======== DATA RECORDS ========

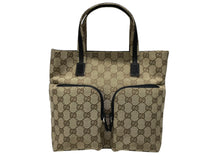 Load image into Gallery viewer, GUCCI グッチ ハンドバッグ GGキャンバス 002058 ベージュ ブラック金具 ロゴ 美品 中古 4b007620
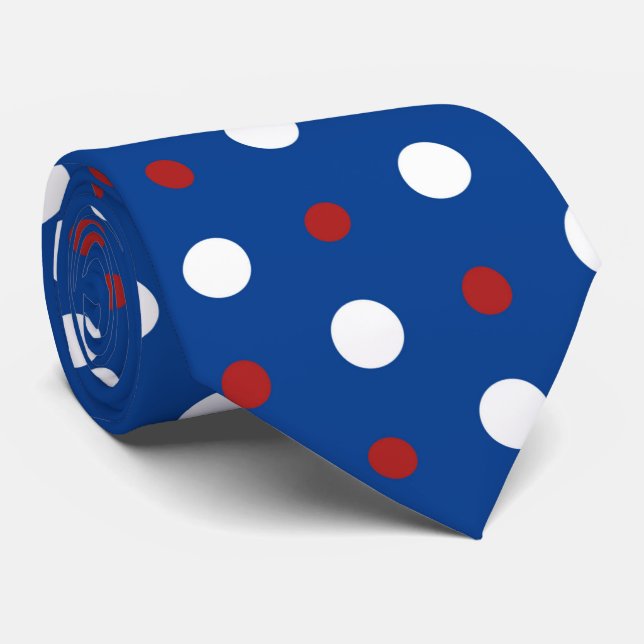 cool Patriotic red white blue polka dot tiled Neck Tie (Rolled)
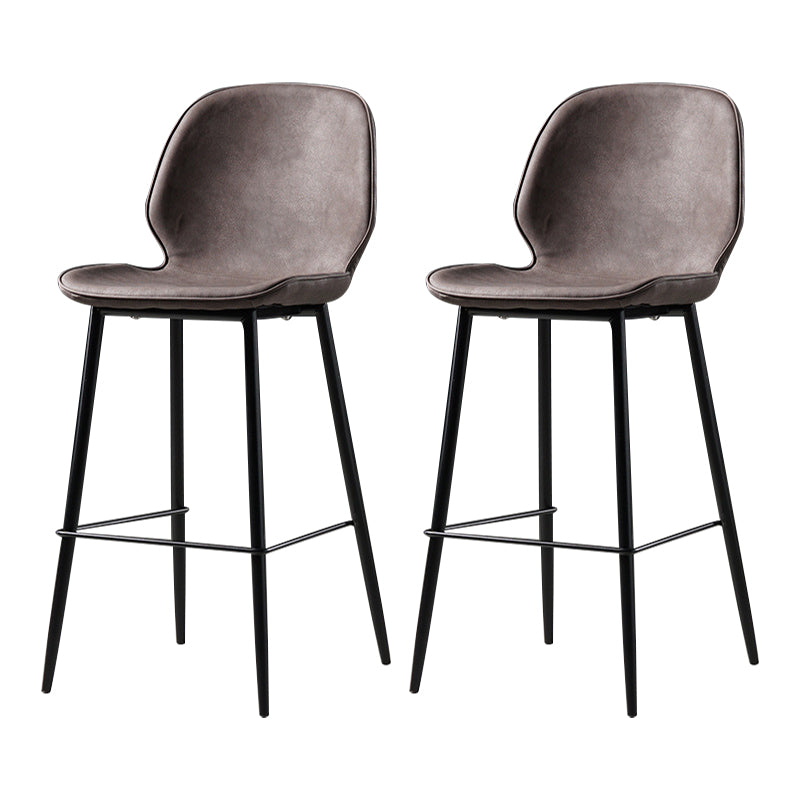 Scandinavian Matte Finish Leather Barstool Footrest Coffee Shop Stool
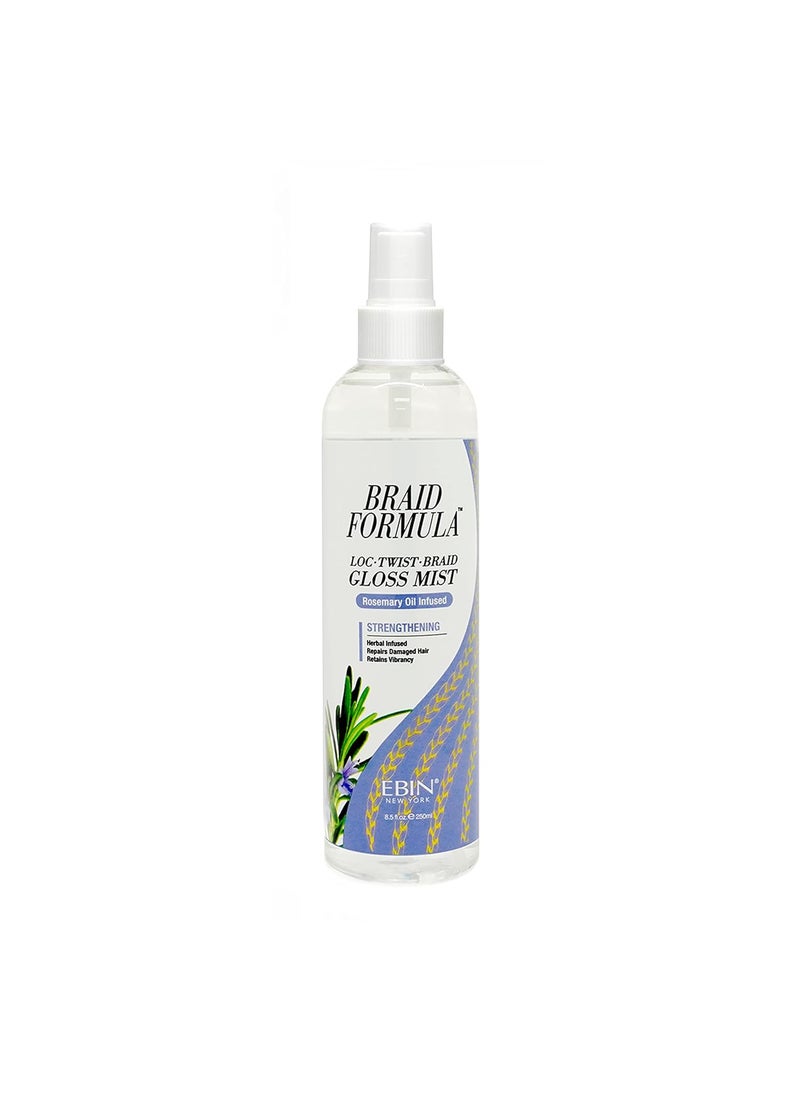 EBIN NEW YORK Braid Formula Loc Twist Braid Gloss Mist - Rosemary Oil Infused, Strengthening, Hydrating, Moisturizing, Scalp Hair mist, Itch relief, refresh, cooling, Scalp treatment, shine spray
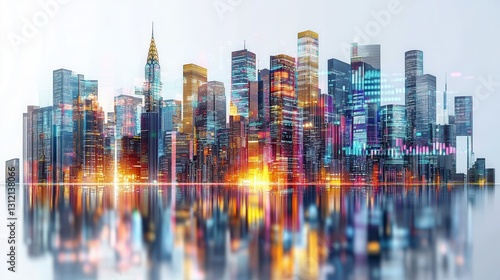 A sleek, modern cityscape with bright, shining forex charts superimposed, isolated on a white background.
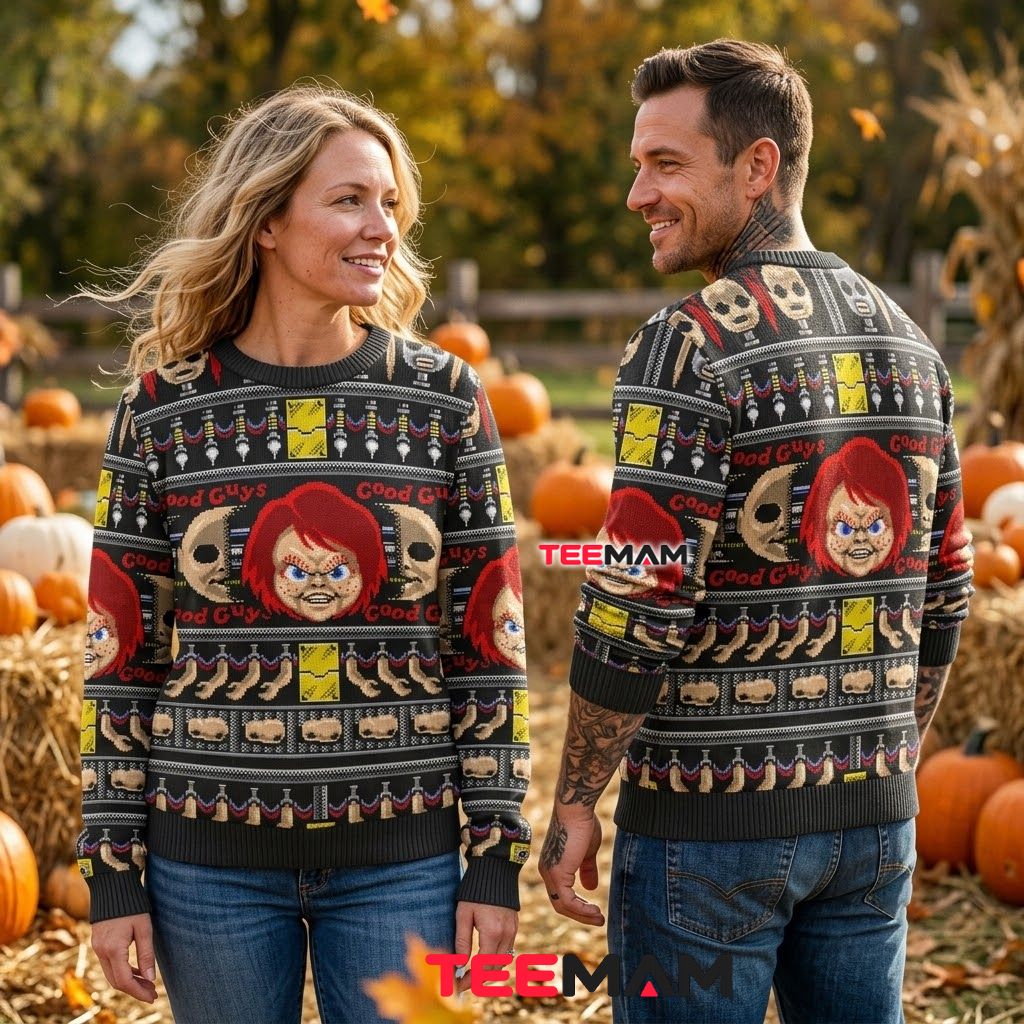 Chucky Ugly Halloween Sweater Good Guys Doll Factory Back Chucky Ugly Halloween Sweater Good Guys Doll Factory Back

========

[ASSIGNMENT]:
The lines needed run from the first line of the records through the line containing "Scandinavian Matte Finish", both included. Restate them word for word, without pictures.

[PROBLEM SOLUTION]:
 Load image into Gallery viewer, GUCCI グッチ ハンドバッグ GGキャンバス 002058 ベージュ ブラック金具 ロゴ 美品 中古 4b007620
 cool Patriotic red white blue polka dot tiled Neck Tie (Rolled)
 Scandinavian Matte Finish Leather Barstool Footrest Coffee Shop Stool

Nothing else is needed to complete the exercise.